(Brief descriptive captions)
# # # # # # #

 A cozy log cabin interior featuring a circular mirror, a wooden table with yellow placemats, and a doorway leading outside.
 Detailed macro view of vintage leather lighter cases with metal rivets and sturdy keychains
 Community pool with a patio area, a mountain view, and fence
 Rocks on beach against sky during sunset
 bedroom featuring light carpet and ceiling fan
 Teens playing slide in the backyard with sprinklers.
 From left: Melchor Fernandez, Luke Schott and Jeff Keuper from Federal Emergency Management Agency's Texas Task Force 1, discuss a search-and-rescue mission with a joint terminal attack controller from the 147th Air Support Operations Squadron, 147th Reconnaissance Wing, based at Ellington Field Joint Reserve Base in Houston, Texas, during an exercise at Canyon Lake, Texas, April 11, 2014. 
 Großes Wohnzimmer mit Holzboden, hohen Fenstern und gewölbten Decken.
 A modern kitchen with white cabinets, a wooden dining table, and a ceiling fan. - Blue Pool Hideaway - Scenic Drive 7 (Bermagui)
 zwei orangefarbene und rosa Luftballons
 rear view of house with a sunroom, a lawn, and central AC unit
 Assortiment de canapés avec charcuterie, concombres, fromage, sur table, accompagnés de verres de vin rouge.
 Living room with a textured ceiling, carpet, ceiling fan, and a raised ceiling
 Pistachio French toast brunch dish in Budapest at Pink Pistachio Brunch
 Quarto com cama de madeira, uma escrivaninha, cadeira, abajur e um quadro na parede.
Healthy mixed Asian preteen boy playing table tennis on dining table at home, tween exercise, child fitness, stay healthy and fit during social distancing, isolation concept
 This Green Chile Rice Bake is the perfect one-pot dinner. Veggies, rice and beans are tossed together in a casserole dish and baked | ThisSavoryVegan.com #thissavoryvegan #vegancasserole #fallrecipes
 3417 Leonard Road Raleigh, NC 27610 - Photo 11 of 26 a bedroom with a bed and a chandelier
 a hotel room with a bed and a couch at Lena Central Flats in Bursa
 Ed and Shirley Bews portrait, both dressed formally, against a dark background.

# # # # # # #

Begin with the line above that has "Quarto com cama" and continue through the line that has "Healthy mixed Asian", setting each one down exactly. Stop there.

 Quarto com cama de madeira, uma escrivaninha, cadeira, abajur e um quadro na parede.
Healthy mixed Asian preteen boy playing table tennis on dining table at home, tween exercise, child fitness, stay healthy and fit during social distancing, isolation concept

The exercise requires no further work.